Continuano i problemi in casa Brasile, dopo gli infortuni di Neymar e Danilo, si aggiunge un altro calciatore alla lista, si tratta di Alex Sandro. La notizia è stata riportata dal medico della Selecao, Rodrigo Lasmar, che ha fatto il punto sui recuperi di Neymar e Danilo, aggiungendo alla lista il neo infortunato, Alex Sandro.

Queste le parole del medico del Brasile circa le condizioni del terzino sinistro della Juventus:

Alex Sandro ha avvertito dolore all’anca sinistra e non ha potuto proseguire la partita. Questa mattina è stato rivalutato. Abbiamo fatto fare una risonanza magnetica che ha mostrato una lesione muscolare all’altezza dell’anca sinistra. L’atleta non potrà giocare la prossima partita contro il Camerun e continuerà a essere curato in modo da poterlo recuperare il prima possibile”.

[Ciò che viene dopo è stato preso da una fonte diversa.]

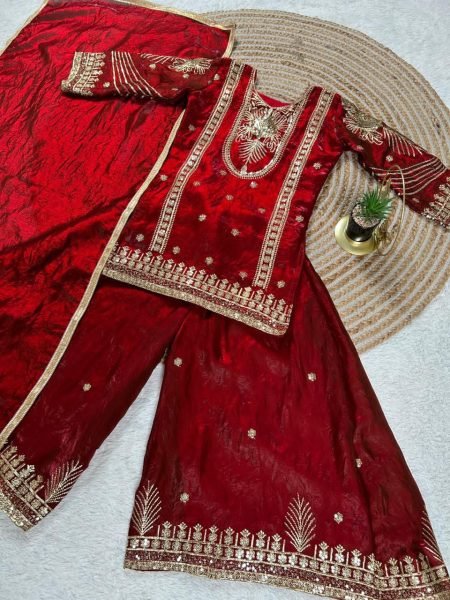 Stunning Red Kids GMY Silk Suit Set with Embroidery Work for Festive Wear Girls Wear
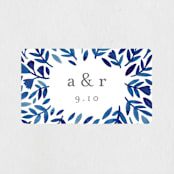 "Wildflower Floral" - Wedding Favor Stickers in Navy by Katharine Watson - Front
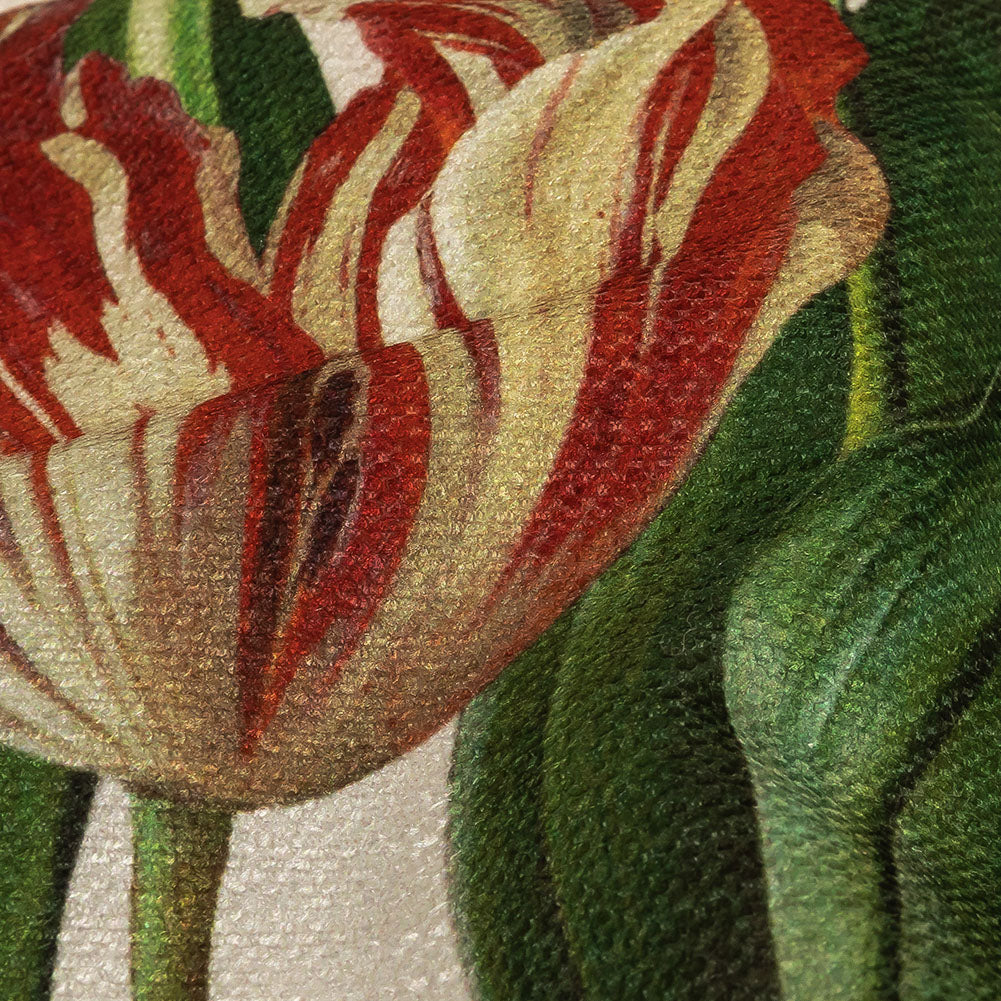 Red, Yellow and Green Tulips and Insects Printed Polyester Chenille - Detail Red, Yellow and Green Tulips and Insects Printed Polyester Chenille - Detail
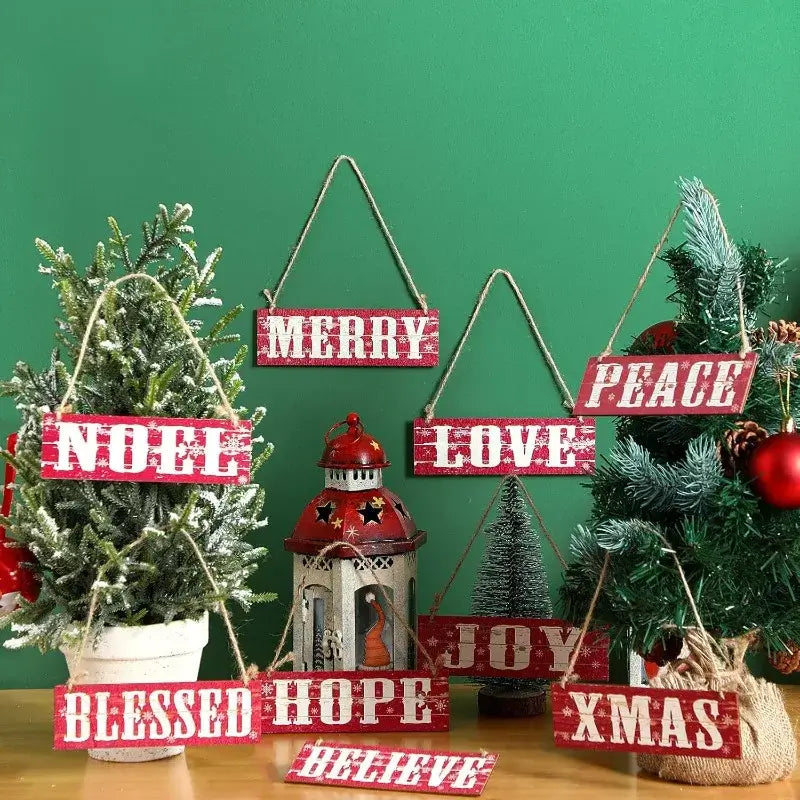 12-Piece Rustic Christmas Wall Decor Set - Vintage Wooden Plaques Joy, Peace & HoHoHo for Holiday Home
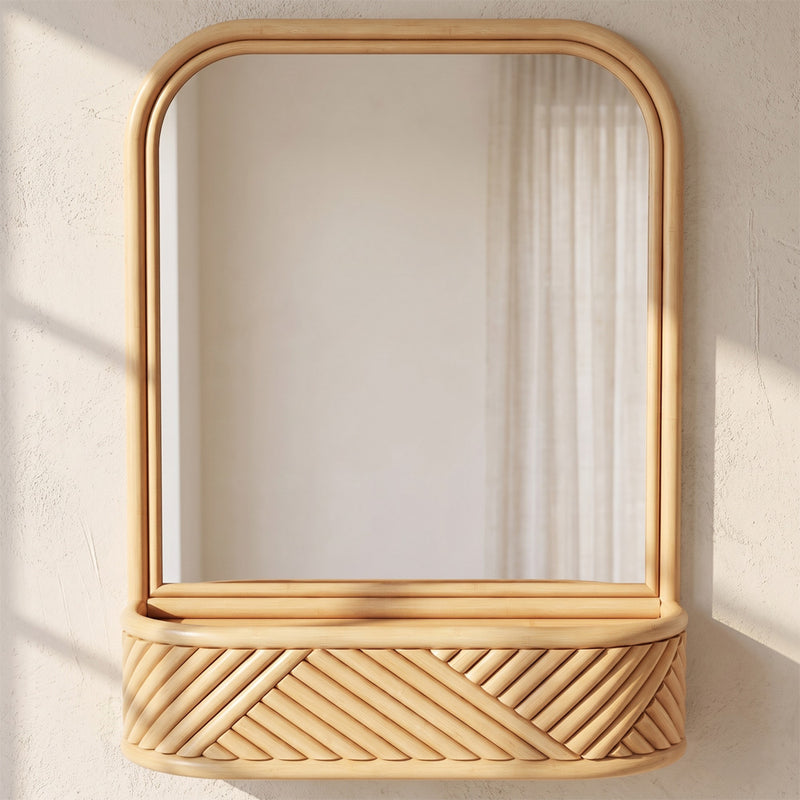 Specchio da parete con cornice in rattan - Stile Bali Boho - Amara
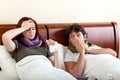 Couple suffering flu Royalty Free Stock Photo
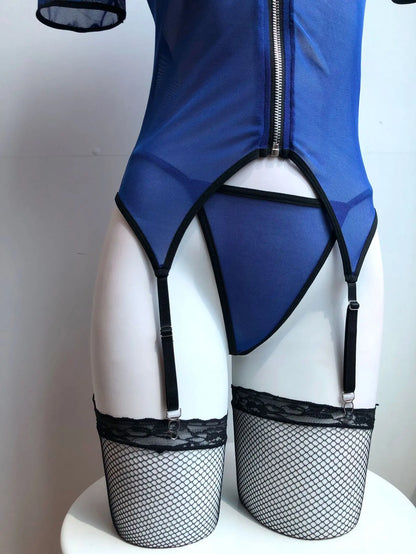 Tornova Women Sexy Policewoman Cosplay Uniform Slim High Waisted Patchwork See-through Interesting Hollow Seductive Private Set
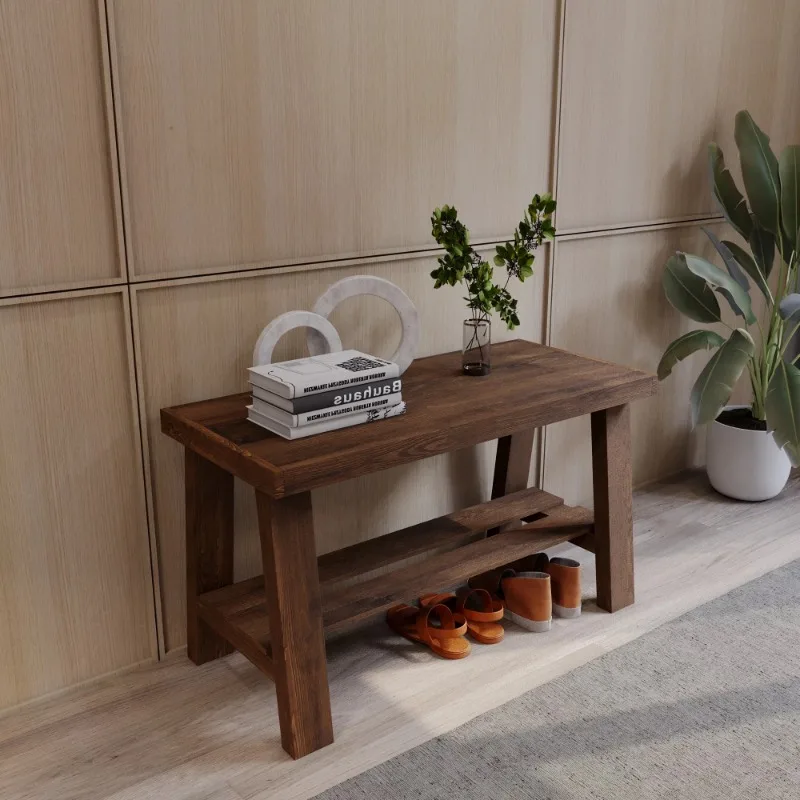 

Solid Pine Wood Entryway Bench with Shelf, Dark Brown Finish Console Table for Hallway Console Table for Living Room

Oltre ad informare i media circa le condizioni fisiche di Alex Sandro, è stato fatto un report anche su Neymar e Danilo:

“Sono ancora in fase di recupero dall’infortunio alla caviglia, ognuno con un approccio diverso, in quanto infortuni diversi. Questo è importante da sottolineare. Neymar ha avuto un episodio di febbre che ora è sotto controllo e questo non interferisce con il processo di recupero della caviglia. Nel nostro incontro quotidiano con lo staff tecnico, abbiamo detto che questi tre atleti non saranno disponibili per la nostra prossima partita contro il Camerun”.

Sicuramente non è una situazione facile per il Brasile, che continua a perdere dei titolari inamovibili per infortunio. Al momento tutti e tre salteranno la sfida contro il Camerun, nella speranza di recuperare per gli ottavi di finale.